The cannabis industry in the UK: Risky business? – Open Access Government
Is the cannabis industry in the UK a risky business? John Binns, Partner at BCL Solicitors LLP finds out more
Few can have failed by now to spot that cannabis and cannabis derivatives, are increasingly big business, not only in countries like Canada, but also right here in the UK. But the question of how this brave new world fits with the UK’s institutional attitude towards cannabis is an important one and divides into domestic and international issues.
Taking the domestic first, those who grow, sell or do research on cannabis in the UK itself need to register with and obtain licences from a specialist Home Office unit, which is dealing at present with a very large number of applications and enquiries. Businesses that expect an easy ride from the unit, or to be able to deal with it on a commercial basis, can become frustrated with its processes and mind-set, which are – understandably, perhaps – particularly focused on the security aspects of what the law still considers a dangerous drug.

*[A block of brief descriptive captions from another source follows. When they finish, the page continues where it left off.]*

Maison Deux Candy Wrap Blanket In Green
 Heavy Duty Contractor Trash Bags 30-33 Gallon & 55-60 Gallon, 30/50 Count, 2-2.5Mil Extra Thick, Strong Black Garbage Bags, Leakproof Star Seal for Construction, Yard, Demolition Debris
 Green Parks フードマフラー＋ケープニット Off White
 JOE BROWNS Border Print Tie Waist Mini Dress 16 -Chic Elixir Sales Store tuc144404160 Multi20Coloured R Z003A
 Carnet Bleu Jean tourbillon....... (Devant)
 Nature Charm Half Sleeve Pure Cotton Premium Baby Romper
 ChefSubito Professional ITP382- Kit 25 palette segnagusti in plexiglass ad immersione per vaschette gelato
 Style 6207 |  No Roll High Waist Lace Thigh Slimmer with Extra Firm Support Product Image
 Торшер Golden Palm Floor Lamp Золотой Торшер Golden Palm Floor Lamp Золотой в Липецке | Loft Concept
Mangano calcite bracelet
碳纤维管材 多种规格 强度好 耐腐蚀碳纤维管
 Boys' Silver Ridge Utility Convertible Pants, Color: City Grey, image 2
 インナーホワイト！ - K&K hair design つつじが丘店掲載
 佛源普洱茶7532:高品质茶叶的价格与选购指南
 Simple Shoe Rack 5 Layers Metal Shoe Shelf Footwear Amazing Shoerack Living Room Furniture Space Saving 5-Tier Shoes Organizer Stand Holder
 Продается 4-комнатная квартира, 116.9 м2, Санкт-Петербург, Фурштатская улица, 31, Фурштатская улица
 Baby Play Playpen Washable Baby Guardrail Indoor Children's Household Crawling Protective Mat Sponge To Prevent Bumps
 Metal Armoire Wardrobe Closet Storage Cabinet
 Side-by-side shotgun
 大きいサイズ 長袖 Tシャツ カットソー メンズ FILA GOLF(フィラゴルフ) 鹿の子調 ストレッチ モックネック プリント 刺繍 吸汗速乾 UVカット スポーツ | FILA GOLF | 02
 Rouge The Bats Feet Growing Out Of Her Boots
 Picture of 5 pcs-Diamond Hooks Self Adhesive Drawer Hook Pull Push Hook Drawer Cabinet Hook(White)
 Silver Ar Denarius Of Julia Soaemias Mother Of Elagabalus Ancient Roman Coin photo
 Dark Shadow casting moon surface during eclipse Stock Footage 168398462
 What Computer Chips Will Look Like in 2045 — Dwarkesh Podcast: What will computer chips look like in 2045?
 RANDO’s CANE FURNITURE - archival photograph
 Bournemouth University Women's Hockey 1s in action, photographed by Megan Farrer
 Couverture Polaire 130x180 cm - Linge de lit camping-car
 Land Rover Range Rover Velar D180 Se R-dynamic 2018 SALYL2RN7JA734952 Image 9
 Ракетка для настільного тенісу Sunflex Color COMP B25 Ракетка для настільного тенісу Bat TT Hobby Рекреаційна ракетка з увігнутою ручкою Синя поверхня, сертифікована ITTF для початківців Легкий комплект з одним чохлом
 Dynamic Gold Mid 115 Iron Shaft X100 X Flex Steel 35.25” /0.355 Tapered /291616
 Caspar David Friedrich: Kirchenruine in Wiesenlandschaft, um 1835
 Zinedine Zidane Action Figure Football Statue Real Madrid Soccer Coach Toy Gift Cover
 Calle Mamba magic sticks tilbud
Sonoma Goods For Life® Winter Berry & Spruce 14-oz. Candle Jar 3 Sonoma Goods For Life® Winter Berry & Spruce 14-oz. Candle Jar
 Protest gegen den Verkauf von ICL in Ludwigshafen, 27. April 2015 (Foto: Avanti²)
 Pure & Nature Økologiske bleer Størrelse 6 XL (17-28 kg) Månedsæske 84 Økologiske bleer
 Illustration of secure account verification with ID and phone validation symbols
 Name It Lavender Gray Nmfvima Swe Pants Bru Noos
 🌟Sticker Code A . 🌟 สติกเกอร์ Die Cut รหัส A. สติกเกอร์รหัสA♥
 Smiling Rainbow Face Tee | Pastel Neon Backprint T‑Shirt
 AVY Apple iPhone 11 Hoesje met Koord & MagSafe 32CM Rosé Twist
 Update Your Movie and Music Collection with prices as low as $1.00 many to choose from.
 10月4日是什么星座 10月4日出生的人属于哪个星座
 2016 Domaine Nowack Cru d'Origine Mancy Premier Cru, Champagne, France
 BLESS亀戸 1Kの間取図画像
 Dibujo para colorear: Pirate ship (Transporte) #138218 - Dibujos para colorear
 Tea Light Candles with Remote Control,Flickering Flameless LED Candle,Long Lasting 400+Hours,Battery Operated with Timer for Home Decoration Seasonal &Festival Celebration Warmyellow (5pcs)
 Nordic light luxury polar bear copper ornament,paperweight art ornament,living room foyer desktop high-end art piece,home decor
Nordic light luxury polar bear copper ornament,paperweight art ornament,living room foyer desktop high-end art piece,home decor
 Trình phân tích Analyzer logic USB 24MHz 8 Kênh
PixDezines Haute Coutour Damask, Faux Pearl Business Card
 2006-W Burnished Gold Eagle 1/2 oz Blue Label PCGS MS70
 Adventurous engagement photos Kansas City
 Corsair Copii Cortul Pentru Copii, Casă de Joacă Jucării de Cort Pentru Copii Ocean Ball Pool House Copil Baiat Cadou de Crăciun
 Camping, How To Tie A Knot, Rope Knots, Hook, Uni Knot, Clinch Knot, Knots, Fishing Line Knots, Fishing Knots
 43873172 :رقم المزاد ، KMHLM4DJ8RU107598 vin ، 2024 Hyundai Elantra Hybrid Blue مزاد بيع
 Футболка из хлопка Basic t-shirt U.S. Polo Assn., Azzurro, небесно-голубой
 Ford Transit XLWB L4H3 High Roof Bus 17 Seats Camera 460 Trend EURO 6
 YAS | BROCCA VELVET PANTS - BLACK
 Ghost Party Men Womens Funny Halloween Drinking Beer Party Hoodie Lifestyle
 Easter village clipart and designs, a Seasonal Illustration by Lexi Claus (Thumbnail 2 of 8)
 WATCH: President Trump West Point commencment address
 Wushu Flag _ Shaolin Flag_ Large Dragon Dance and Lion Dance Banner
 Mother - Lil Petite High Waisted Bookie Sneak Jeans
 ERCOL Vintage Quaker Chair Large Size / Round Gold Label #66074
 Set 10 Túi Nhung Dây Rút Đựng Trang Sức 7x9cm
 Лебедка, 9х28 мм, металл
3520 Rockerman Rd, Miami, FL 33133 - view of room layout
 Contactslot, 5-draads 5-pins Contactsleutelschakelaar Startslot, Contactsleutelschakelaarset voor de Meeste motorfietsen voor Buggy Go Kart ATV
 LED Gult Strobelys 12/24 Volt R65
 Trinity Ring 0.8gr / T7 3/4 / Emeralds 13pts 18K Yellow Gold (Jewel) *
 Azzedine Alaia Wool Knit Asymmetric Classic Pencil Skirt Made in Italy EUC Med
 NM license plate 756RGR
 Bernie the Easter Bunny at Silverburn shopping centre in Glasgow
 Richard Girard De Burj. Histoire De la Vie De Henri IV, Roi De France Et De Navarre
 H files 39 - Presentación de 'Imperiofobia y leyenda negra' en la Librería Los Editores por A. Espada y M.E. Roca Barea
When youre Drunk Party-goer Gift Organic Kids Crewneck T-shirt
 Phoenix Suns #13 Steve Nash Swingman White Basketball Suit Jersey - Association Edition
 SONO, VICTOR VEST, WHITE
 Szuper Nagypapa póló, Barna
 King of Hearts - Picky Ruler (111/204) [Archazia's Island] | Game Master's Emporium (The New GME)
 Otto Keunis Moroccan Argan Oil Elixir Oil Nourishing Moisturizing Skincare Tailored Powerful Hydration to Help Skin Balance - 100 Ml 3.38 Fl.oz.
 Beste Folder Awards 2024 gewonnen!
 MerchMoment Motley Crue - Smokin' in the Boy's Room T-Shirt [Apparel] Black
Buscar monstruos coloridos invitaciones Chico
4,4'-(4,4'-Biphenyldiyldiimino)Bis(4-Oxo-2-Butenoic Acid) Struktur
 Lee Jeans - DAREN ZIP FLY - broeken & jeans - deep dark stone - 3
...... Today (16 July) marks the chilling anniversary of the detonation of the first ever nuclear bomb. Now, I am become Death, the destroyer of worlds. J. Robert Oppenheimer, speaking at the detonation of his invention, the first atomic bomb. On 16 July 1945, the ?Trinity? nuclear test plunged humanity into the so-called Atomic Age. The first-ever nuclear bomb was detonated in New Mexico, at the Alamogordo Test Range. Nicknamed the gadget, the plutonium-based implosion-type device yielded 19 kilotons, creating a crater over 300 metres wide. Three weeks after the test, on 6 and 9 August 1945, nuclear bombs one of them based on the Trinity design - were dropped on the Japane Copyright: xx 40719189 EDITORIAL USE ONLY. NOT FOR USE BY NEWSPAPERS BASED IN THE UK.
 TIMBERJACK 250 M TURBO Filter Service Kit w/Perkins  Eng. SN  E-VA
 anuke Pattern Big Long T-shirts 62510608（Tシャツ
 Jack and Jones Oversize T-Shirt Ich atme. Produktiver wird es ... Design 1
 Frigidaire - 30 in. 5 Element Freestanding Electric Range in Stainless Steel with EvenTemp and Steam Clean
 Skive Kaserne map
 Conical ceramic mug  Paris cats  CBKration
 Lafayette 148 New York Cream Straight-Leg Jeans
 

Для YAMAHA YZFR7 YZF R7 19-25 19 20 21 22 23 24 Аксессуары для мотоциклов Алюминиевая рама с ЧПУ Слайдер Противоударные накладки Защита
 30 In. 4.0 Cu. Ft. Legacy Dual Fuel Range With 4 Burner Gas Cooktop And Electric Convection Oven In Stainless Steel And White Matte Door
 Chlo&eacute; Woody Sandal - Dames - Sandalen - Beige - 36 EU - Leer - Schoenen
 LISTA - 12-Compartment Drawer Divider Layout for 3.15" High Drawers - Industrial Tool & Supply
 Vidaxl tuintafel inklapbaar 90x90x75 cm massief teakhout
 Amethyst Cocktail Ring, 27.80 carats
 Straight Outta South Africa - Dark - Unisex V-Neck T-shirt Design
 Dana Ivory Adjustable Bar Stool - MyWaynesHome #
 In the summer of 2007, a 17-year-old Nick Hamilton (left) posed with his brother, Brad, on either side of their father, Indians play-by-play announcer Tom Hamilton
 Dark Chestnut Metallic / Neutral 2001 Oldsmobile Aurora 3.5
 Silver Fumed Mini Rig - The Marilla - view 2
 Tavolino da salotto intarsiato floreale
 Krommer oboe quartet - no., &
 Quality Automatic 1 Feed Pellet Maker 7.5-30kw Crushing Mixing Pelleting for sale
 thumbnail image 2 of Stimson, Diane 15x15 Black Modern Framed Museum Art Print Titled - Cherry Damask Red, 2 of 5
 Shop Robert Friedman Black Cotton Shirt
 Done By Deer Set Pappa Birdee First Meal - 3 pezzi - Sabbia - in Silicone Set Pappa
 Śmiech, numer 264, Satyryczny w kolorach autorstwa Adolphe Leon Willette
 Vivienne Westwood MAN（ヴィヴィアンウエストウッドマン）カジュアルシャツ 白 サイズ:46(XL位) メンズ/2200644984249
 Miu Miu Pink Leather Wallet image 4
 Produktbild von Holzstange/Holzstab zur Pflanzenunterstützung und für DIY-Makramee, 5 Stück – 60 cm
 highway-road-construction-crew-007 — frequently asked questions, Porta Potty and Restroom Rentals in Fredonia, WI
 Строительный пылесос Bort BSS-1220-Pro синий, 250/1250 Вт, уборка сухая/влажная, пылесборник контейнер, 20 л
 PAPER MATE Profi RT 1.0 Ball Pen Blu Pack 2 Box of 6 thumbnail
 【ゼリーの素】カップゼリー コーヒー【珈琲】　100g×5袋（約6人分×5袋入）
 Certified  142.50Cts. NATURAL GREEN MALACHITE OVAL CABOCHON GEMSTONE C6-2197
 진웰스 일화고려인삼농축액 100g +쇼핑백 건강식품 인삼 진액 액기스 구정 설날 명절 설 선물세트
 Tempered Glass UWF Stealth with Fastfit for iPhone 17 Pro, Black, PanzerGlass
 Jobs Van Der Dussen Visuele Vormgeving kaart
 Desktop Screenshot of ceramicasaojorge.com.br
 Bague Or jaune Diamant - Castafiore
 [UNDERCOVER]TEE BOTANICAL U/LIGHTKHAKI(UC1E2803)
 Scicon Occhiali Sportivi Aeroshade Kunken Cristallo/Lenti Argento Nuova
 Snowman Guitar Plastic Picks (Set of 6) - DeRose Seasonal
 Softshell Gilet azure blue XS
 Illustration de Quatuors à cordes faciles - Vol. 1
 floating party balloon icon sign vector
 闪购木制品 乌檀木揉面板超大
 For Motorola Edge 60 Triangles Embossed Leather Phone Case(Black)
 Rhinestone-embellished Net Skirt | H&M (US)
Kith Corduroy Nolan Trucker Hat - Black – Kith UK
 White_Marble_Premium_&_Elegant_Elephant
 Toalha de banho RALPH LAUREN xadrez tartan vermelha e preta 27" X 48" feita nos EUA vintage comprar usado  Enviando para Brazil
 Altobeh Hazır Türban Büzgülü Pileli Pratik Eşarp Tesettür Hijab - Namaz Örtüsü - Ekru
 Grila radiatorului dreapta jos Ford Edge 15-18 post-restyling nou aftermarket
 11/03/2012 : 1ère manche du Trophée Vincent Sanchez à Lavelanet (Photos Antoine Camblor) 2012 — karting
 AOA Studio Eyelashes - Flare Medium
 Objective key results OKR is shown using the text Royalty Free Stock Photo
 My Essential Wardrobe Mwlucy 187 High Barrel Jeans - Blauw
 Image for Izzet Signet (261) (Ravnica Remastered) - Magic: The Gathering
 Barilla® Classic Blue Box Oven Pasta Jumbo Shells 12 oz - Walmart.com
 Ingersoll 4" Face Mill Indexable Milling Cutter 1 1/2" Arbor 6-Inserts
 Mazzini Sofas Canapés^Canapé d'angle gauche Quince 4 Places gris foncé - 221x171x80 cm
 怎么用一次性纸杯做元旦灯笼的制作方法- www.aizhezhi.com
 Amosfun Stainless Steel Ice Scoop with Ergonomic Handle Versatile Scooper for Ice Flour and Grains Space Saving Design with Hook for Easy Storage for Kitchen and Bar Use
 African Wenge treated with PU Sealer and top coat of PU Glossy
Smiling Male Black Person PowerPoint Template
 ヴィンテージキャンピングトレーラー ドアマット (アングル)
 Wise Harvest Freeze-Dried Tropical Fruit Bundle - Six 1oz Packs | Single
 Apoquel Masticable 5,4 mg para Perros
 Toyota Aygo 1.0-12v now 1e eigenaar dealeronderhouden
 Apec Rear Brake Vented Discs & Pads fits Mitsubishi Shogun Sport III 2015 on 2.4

The casual observer could be forgiven for thinking that the position is more nuanced than it is, thanks to eyecatching headlines in autumn last year to the effect that medical cannabis had been legalised1. In fact, what has happened was that an exception has been made for ‘cannabis-based medicinal products’ (CBMPs), though only where prescribed by a specialist clinician (not just a general practitioner) or granted a marketing authorisation by the Medicines and Healthcare products Regulatory Agency (MHRA) 2. Those restrictions have proved to be strict in practice and the headlines now are about why, despite the legal change, the number of patients who can actually access medicinal cannabis here remains extremely small 3 and patients who are forced to obtain their medicines abroad are still seeing them seized at the border4.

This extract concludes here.